Since she had seemingly encouraged such intimacy, Rolf reacted in the same way when he saw her in a swimsuit she had knitted, with a fringe of tassels below the waist. In the water, the dangling strands swelled up, which prompted him to say, “They look like pubic hairs.” Affronted, his mum belted him hard across the face. “I was 30 years old when that happened,” he adds in his memoir. It’s the most shocking sentence in the book, and it explains where his song ‘I’ve Lost My Mummy’ comes from: here a child cries inconsolably in a department store, afraid of having been abandoned, only to bawl even louder when his mother returns to collect him and gives him “a hefty whack” as punishment for wandering off. Rolf’s mother did her work only too well. In another song he attests to having lived a spotless life, at least until he met “my two good amigos / Nick Teen and Al K Hall”. There’s a coy displacement here, since drink and tobacco were never his vices.
Marriage and fatherhood came with other, built-in interdictions. In 1958 Alwen brought her pet poodle to the wedding as an honorary bridesmaid, and Rolf had difficulty dislodging it from the nuptial bed. His wife clearly needed its company and its morale-boosting devotion. Rolf much later discovered a diary she wrote in 1959 in Perth, where he was helping to set up the first local television station. Alwen, he found, felt so displaced and ignored, so nullified by the boredom of her castaway life, that she had contemplated suicide; at the time, he simply hadn’t noticed. In 1964, hours after the induced birth of their daughter, he flew from London to New York to start a concert tour. When Alwen joined him shortly afterwards, bringing the baby, he failed to recognise her at the airport, and explained his distraction by pointing out that she had dyed her hair.
A subsequent episode in Rolf’s autobiography, which he may now regret having made public, deals with transgressive impulses that the law warns us all to control. Bathing Bindi in their New York hotel, after having photographed Alwen as she breastfed the child, Rolf marvels at the “minute size of everything”, and lets his eyes travel from Bindi’s neck to her “delicate shoulders” and smooth tummy. Then he nears a border zone, trespasses across it, and backtracks: “I reached her genitals and skipped that part. My brain was saying, ‘Don’t be ridiculous. Why are you so uptight about nudity?’ I couldn’t help it.” The taboo is artificial, but all the same necessary; those who defile innocence may do so because they envy it and want to share in it.
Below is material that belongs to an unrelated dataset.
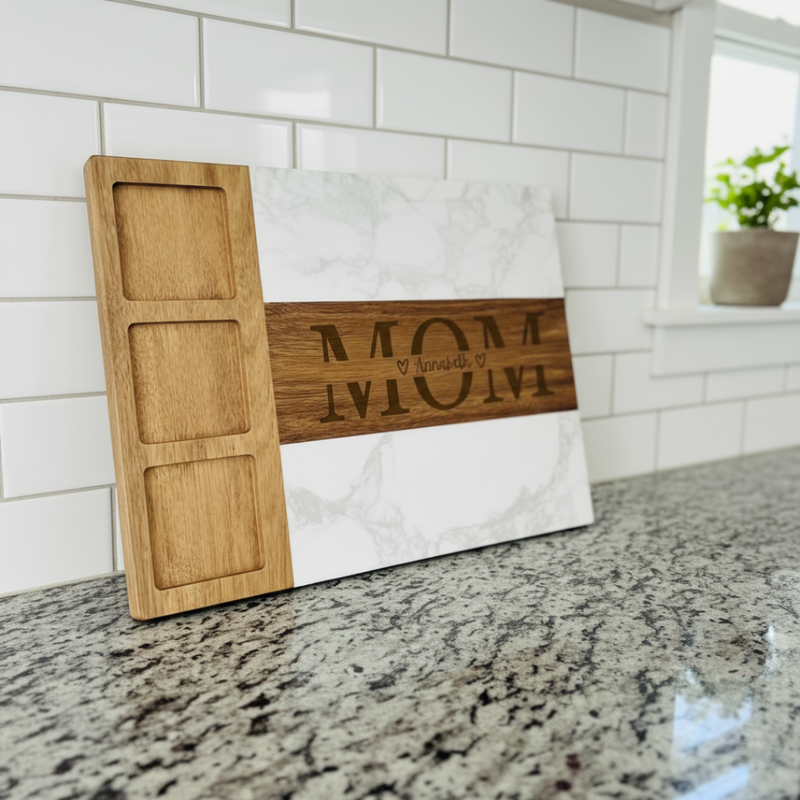 Wooden and marble charcuterie board with laser-engraved sample text "MOM" and "Annabel" arranged in circular pattern, displayed on granite countertop against white subway tile backsplash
Rolf at the easel. Photo: rolfharris.com
The Rolf Harris Show featured a chorus line of girls in micro-miniskirts and hotpants, and was nicknamed The Twinkling Crotch Show. Backstage, the shy host says, he “tried not to watch – or be seen watching” the cavalcade of semi-clad young women. Throughout one season he flamboyantly flirted with “a tall, leggy brunette called Glor, short for Gloria”, who finally chastened him when they were sitting with some colleagues in a hotel lounge. After listening to a bout of his amorous drollery, she reached across, “unzipped my fly, put her hand into my underpants, took a firm grip of my old fella and flipped it out for all to see”. What, she asked, did he intend to do about his supposed infatuation (which apparently hadn’t extended to that flipped, floppy member)? Rolf turned “seven consecutive shades of red”, just as he flushed scarlet when his mother slapped him; then, in an image that begs for psychoanalytical exegesis, he wished he could “dissolve into a grease spot and soak into the carpet”. Gloria suffered no further harassment.
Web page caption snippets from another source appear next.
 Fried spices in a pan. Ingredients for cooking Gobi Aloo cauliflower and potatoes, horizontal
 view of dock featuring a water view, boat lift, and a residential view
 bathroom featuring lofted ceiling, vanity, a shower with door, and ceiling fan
A cartoon by Rolf represents grown-up sexual relations as a balance of terror, predicated on the threat of pain. In the drawing, an angry blitz of black scrawls surrounds a glaringly spotlit dental chair. A male dentist aims his drill at the gaping mouth of a prone female patient, whose teeth are as razorlike as a shark’s; she defends herself by grabbing his crotch and squeezing what ought to be his testicles, though it looks as if she has fastened onto a bulbous penis. The rearing organ doesn’t appear to be discouraged, but the drill is paused in midair, hesitating before it ventures into that vagina dentata. The caption to the drawing is “We’re not going to hurt one another, are we?” Cuddles, hugs and tickles, like those to which Rolf initially treated his alleged victims, are – at least in theory – exempt from such nasty adult recriminations.
In the caricatures Rolf usually adds to his autograph, his face consists of a grinning mouth sandwiched between his goggles and his goatee. His smile is evangelical, as well as something of an artwork: he often warned sulky children who cried or frowned that they were “sculpting their faces for the future” and ruining their chances of looking benign in old age. Despite this amiability, his glasses and beard tell another story, because both, in Rolf’s case, were disguises. Spectacles, as he commented when taking his own off to paint a self-portrait on television, reflect light and thereby deflect attention from the eyes of whoever you are painting; they interfere with your interrogation of another human being. As for whiskers, Rolf first experimented with them in 1949 when cast as a sailor in a musical at teacher’s college in Perth. He grew them again on his way to England in 1952, protectively preparing a face with which to meet the new faces he would encounter there. His beard was a frame for his grin, and it also served, like a garden hedge, as a barricade to deter intruders. His wife preferred him with that cosy camouflage: when she first saw him clean-shaven, Alwen likened him to “an American car with all the chrome removed” – an extraordinary image, which implied that beneath the decorative trim there was only a noisy, revved-up engine and a motorised mouth that puffed out hot air through its grille.
Late in the 1980s, when Rolf’s act began to seem antiquated, his cover version of Led Zeppelin’s ‘Stairway to Heaven’ updated him. “It was very square to say you liked Rolf Harris before that,” he complacently noted. “Suddenly it was very cool to say you liked Rolf Harris.” Musical performances at the Glastonbury Festival established him as a harmless, gormless figure of fun, immune to the irony of the ovations he was receiving from the muddy mobs of rock fans.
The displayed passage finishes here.